Reputation: 2342
I have several dataframes in a list, obtained after using np.array_split
and I want to concat some of then into a single dataframe. In this example, I want to concat 3 dataframes contained in b (all but the 2nd one, which is the element b[1] in the list):
df = pd.DataFrame({'country':['a','b','c','d'],
'gdp':[1,2,3,4],
'iso':['x','y','z','w']})
a = np.array_split(df,4)
i = 1
b = a[:i]+a[i+1:]
desired_final_df = pd.DataFrame({'country':['a','c','d'],
'gdp':[1,3,4],
'iso':['x','z','w']})
I have tried to create an empty df and then use append through a loop for the elements in b but with no complete success:
CV = pd.DataFrame()
CV = [CV.append[(b[i])] for i in b] #try1
CV = [CV.append(b[i]) for i in b] #try2
CV = pd.DataFrame([CV.append[(b[i])] for i in b]) #try3
for i in b:
CV.append(b) #try4
I have reached to a solution which works but it is not efficient:
CV = pd.DataFrame()
CV = [CV.append(b) for i in b][0]
In this case, I get in CV three times the same dataframe with all the rows and I just get the first of them. However, in my real case, in which I have big datasets, having three times the same would result in much more time of computation.

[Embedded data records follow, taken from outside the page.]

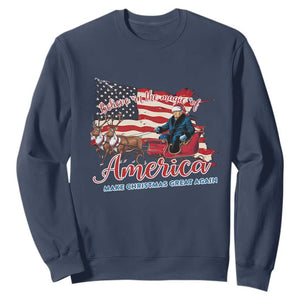 Christmas Trump Sweatshirt Believe In The Magic Of America Make Christmas Great Again TS09 Navy Print Your Wear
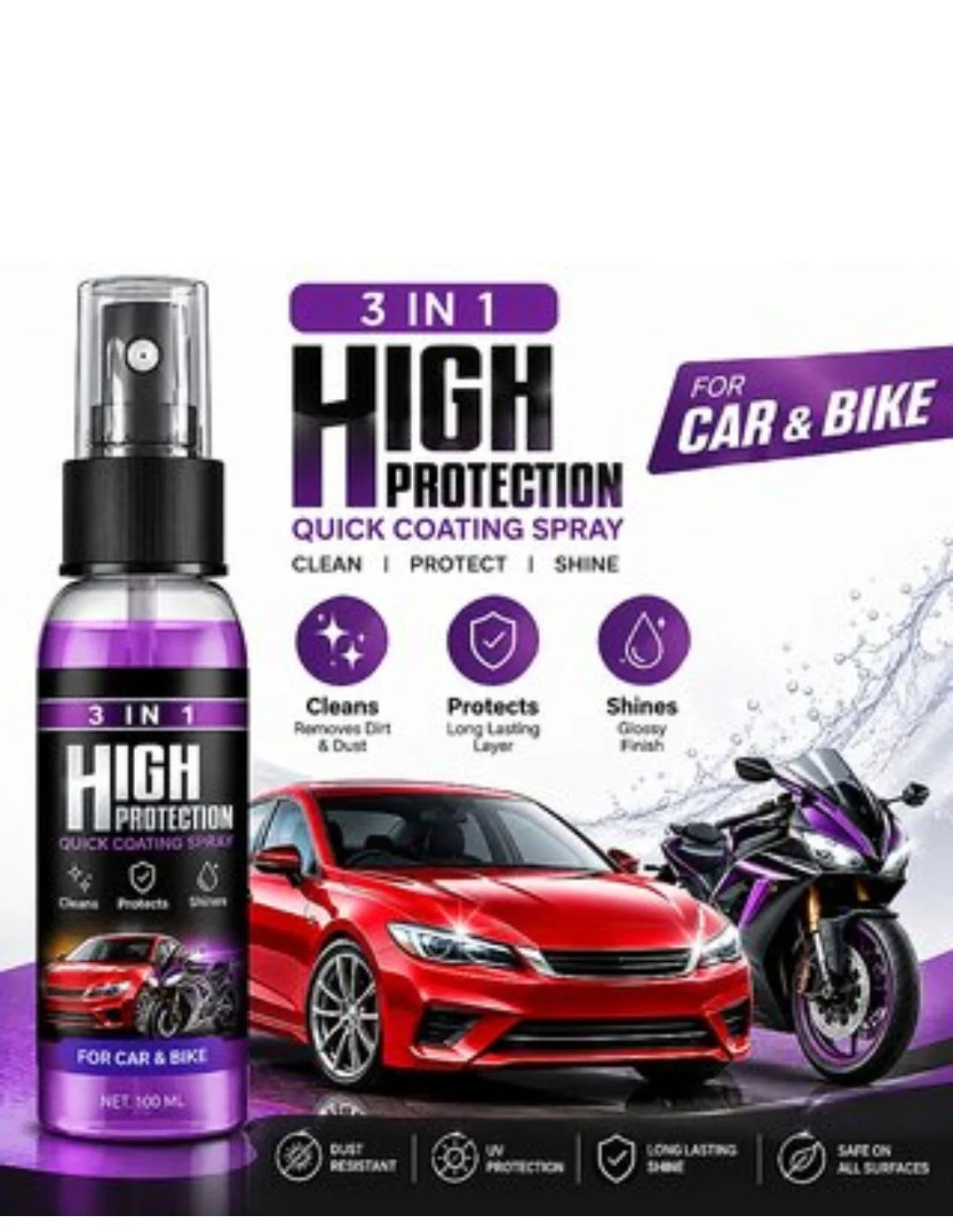 3 in 1 Car and Bike Coating Spray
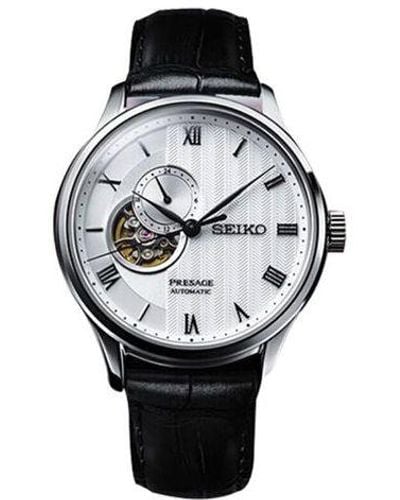Seiko Watch Presage Series Japan White Dial Belt Business 4r Movement Automatic - Metallic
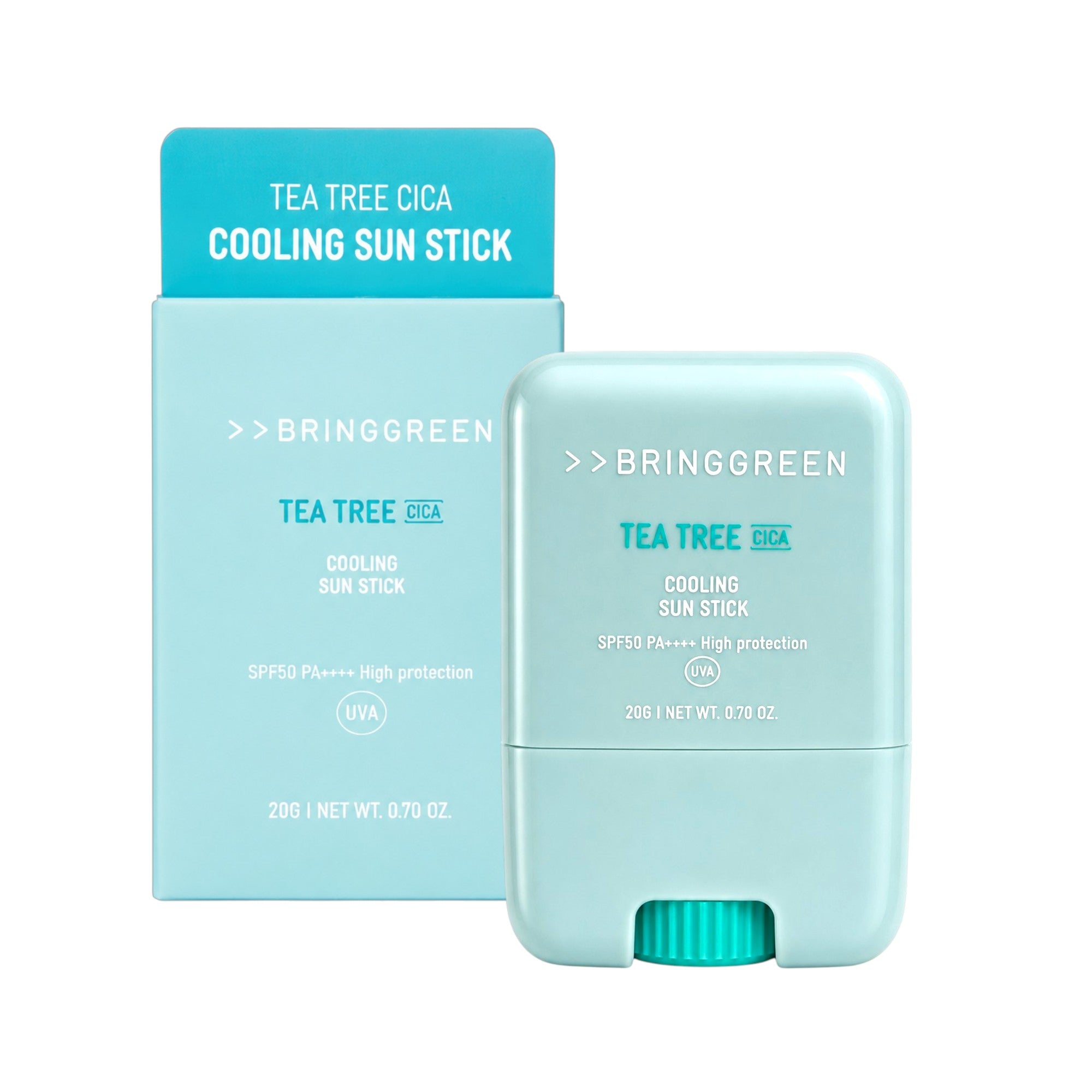 BRINGGREEN Tea Tree Cica Cooling Sun Stick SPF50+ PA++++ – Chladivá sluneční tyčinka, 20 g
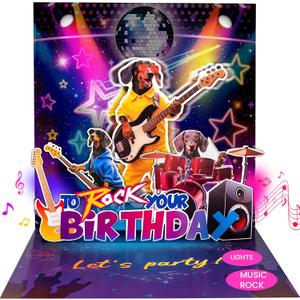 Birthday Card, Funny Birthday Cards for Men Women Kids, Exquisite MUSICAL & SHAKING & LIGHTING Rock Band Dog Pop-up Greeting Card Gifts with Envelope, 6.1 x 6.1 Inch
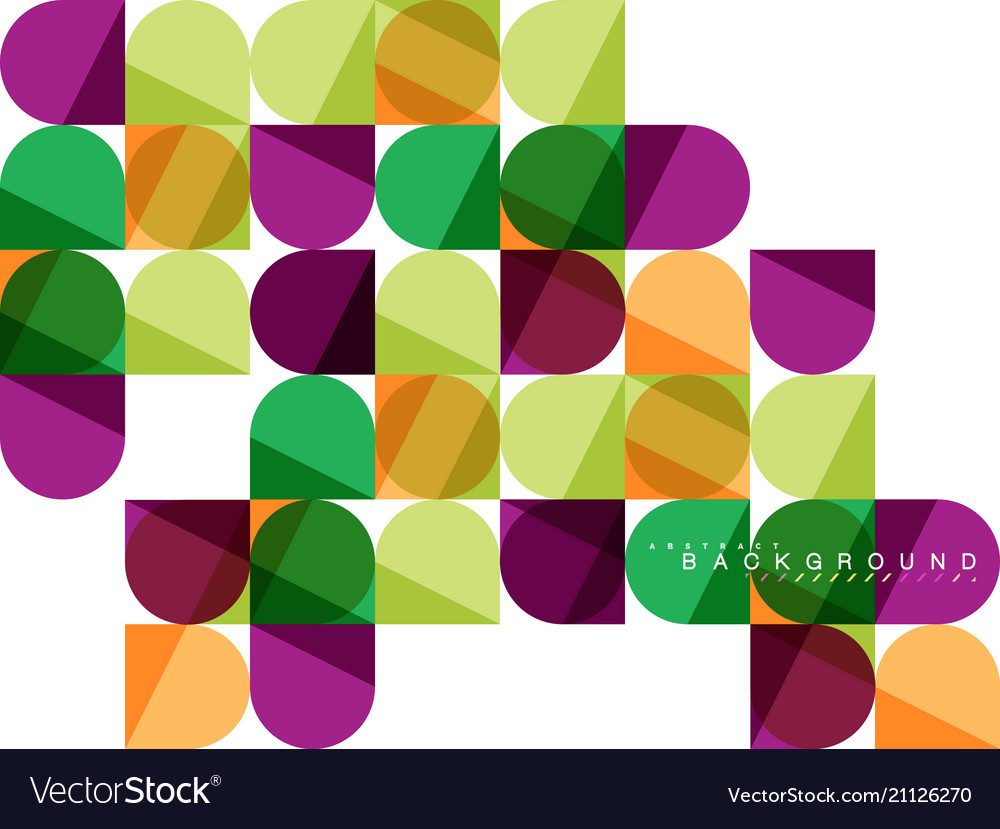 Round square geometric shapes on white tile Vector Image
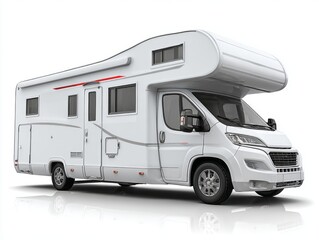 A full shot of a modern white camper van, highlighting its sleek design and spacious features.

How could I do that without repeating operations?
Upvotes: 0
Views: 85
Reputation: 8903
To cancatenate multiple DFs, resetting index, use pandas.concat
:
pd.concat(b, ignore_index=True)
output
country gdp iso
0 a 1 x
1 c 3 z
2 d 4 w
Upvotes: 1
Reputation: 7509
According to the docs, DataFrame.append
does not work in-place, like lists. The resulting DataFrame object is returned instead. Catching that object should be enough for what you need:
df = pd.DataFrame()
for next_df in list_of_dfs:
df = df.append(next_df)
You may want to use the keyword argument ignore_index=True
in the append
call so that the indices become continuous, instead of starting from 0 for each appended DataFrame (assuming that the index of the DataFrames in the list all start from 0).
Upvotes: 2